Stratégie

Espagne : vers une diminution du temps de travail à 37,5 heures hebdomadaire

Par Agnès Redon | Le | International

Une diminution progressive du temps de travail de 40 heures hebdomadaires actuelles à 37,5 heures en 2025. C’est l’objectif que se donne la ministre du Travail Yolanda Diaz à l’occasion des négociations avec les partenaires sociaux ayant démarré le 25 janvier 2024, malgré l’opposition du patronat.

Espagne : le gouvernement envisage une réduction du temps de travail à 37,5 heures hebdomadaire  - © D.R.
Espagne : le gouvernement envisage une réduction du temps de travail à 37,5 heures hebdomadaire - © D.R.

12 millions de salariés concernés, selon le gouvernement

Cette mesure prévue dans l’accord de gouvernement conclu le 24 octobre 2023 entre le parti socialiste du Premier ministre Pedro Sanchez et la formation de gauche Sumar concernera près de 12 millions de salariés.
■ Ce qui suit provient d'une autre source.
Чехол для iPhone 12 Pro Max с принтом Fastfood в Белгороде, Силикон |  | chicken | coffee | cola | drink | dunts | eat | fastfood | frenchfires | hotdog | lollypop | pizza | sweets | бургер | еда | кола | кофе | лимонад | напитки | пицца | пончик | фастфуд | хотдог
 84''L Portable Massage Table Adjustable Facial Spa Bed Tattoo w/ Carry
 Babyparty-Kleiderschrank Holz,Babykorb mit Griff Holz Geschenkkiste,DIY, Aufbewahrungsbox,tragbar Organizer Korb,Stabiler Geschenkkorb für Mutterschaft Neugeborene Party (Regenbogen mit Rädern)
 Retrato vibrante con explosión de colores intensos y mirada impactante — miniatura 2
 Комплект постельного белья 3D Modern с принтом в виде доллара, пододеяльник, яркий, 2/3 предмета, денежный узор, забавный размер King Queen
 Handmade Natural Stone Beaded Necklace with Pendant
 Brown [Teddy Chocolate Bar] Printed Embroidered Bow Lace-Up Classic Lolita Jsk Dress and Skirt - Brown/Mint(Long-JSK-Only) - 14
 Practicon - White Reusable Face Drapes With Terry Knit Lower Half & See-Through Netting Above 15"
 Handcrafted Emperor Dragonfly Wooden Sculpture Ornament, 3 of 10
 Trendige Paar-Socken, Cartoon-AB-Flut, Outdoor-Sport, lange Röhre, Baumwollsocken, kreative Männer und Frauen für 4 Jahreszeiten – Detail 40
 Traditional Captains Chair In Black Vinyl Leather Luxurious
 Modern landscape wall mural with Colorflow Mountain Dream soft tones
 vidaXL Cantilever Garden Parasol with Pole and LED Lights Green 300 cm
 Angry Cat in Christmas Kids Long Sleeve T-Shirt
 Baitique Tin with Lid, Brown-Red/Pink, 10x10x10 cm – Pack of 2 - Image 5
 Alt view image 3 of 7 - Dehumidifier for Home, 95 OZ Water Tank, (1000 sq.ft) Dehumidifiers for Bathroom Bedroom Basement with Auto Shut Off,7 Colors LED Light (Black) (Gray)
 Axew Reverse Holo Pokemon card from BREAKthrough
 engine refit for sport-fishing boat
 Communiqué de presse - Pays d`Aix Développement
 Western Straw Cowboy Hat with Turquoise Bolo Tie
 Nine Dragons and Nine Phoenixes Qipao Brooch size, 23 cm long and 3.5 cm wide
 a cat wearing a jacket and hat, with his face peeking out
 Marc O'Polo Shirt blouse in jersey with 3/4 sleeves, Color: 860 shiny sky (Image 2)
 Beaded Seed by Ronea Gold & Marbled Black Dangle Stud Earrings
Le projet de réduction du temps de travail doit se faire selon les modalités suivantes :

  • Un passage à 38,5 heures en 2024 ;
  • Puis 37,5 heures en 2025 ;
  • Sans perte de salaire.

Le modèle des 35 heures des organisations syndicales 

Les deux principaux syndicats de salariés, l’Union générale des travailleurs (UGT) et Commissions ouvrières (CCOO), ont salué cette mesure du gouvernement espagnol. Pepe Alvarez, le secrétaire général de l’UGT a rappelé que l’Espagne n’avait pas changé la durée légale du travail hebdomadaire depuis 40 ans, tout en soulignant que l’objectif de son syndicat était une semaine de travail de 35 heures.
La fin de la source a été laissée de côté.